John Huot is starting to like high oil prices.

Earlier this year, the president of St. Paul-based Huot Manufacturing won back a key U.S. customer who abandoned him three years ago for cheaper tool kits made in China.

With oil prices above $100 a barrel -- Friday's close was $106.23 -- oceanic shipping is suddenly painful, which makes the Huots of this country competitive again.

Call it the "oil factor."

Chinese factories may no longer be the cheapest options for some U.S. manufacturers that dashed to embrace globalization more than a decade ago. Today, it costs twice as much to ship a container of goods from Asia to the United States as it did two years ago.

That expense has some domestic manufacturers rethinking outsourcing strategies and bringing production back home. Thomasville Furniture, steel fence and tractor parts maker Behlen MFG, Exxel Outdoors, machine shop operators and others say they are returning some manufacturing stateside and finding other ways to stem transportation costs.

"It's too early to be a big trend. But members are talking about it," said Hank Cox, spokesman for the National Association of Manufacturers, which has more than 10,000 members.

For Huot's customer, "This is one case where the freight [cost] really made a huge difference. It was the killer for this guy. So, we got the business back and they are saving money by going with us in St. Paul instead of China," Huot said. "And they can get their product in four weeks instead of four months."

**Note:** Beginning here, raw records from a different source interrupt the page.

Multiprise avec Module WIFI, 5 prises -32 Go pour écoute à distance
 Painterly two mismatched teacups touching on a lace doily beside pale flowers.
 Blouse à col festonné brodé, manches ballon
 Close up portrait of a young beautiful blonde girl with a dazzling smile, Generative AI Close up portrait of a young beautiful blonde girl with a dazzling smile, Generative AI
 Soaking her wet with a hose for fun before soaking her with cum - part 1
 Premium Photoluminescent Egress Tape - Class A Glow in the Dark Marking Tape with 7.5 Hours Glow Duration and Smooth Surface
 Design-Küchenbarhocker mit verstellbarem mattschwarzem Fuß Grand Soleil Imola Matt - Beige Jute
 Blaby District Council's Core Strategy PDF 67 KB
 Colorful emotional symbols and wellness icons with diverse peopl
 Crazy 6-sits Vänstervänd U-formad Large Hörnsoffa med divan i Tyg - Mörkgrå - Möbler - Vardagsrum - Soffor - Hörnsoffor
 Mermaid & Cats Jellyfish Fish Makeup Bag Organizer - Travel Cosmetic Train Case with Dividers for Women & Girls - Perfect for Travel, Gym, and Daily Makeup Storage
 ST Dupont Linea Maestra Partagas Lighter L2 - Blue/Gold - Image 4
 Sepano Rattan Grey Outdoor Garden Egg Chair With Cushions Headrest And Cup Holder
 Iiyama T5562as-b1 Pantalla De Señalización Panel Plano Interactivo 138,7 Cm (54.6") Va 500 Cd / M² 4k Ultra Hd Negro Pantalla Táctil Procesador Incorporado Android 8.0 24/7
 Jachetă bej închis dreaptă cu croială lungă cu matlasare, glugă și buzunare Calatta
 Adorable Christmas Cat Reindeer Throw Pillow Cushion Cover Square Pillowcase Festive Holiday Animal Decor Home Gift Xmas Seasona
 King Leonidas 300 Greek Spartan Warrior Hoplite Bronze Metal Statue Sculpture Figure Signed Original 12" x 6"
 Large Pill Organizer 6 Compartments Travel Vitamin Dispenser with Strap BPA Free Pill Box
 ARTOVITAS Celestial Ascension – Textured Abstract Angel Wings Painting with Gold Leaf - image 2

In addition, it can be harder to manage quality control overseas, said Huot, who went to Beijing in March to find that his customer was unknowingly buying an inferior copy of Huot's product. The Chinese version was made from a cheaper gauge of steel.

The quality problems and shipping costs nudged his customer back to him in March, restoring $75,000 to his books. Huot's 42 employees celebrated by catering in -- what else? -- Chinese food.

Cliff Waldman, an economist with Manufacturers Alliance, said oil costing $100 a barrel or more prompts a reevaluation of whether it's cheaper to produce goods outside of the country. "So North America is getting a second look as a production platform," he said.

But oil isn't the only reason manufacturers are rethinking outsourcing. U.S. manufacturers are struggling with rising global salaries and commodity prices and a weakened dollar to pay for them. And China is phasing out tax breaks for exporters. So international freight costs may be one measure they can control, Waldman said.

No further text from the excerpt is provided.